People often wonder, “what the hell is going on in Jiggawatt’s head?”. Well, now’s your chance to find out with this timelapse of my LD24 compo entry, Manual Population Control.
One point of interest is that the visual style only gets designed at about 3/4th of the way, when I quickly slap proper images on top of the squares. I can’t even imagine having “excess sprites” like some of you have mentioned. You people are weird and I’m the only sane person here.
(Perhaps I should’ve checked if there’s anything overly private shown in that video before uploading. Oh well.)
I also made that gameplay video I wanted. People are pretty clueless about what’s going on in my game (and for a reason), so I hope this is at least proof that there is a point to this game.
See, I tend to make my games for myself, without the need to rely on buzzwords like “ease of use” or “tutorial mode”.

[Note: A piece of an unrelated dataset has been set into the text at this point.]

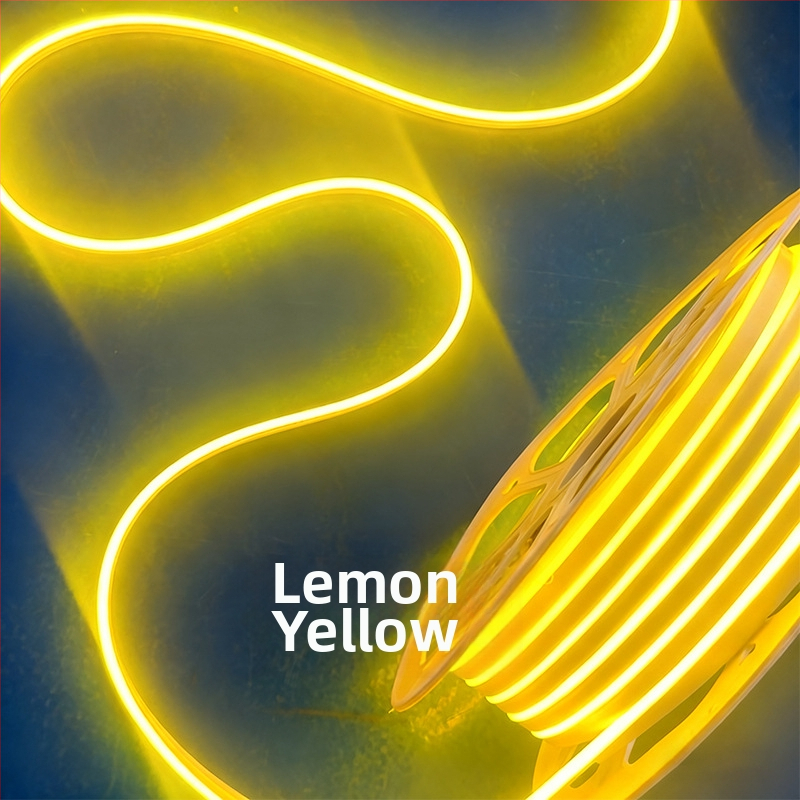 Neon LED juostelė 2835, 120 LED/m, IP65 atspari vandeniui, 8W, įėjimas 12-24-110-220V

But I like to think my game is fair once you get the hang of it: you can always easily blame yourself for doing something wrong or having left something undone. It has that same addictive charm as roguelikes, in a sense, so I feel like it’s successful at what I set out to do. The mechanics are quite simple in the end (as a result of cutting down features), but there are some interesting strategies emerging from them.
‘Evolution’ as a theme was what I was hoping for but not expecting. I think my problem at the start was an excess of ideas rather than a lack of them. My first impression was that I’d make something like a strategy game where you indirectly guide the evolution of entities, and I had a couple of potential executions branching out from this vague “feeling” I wanted to capture.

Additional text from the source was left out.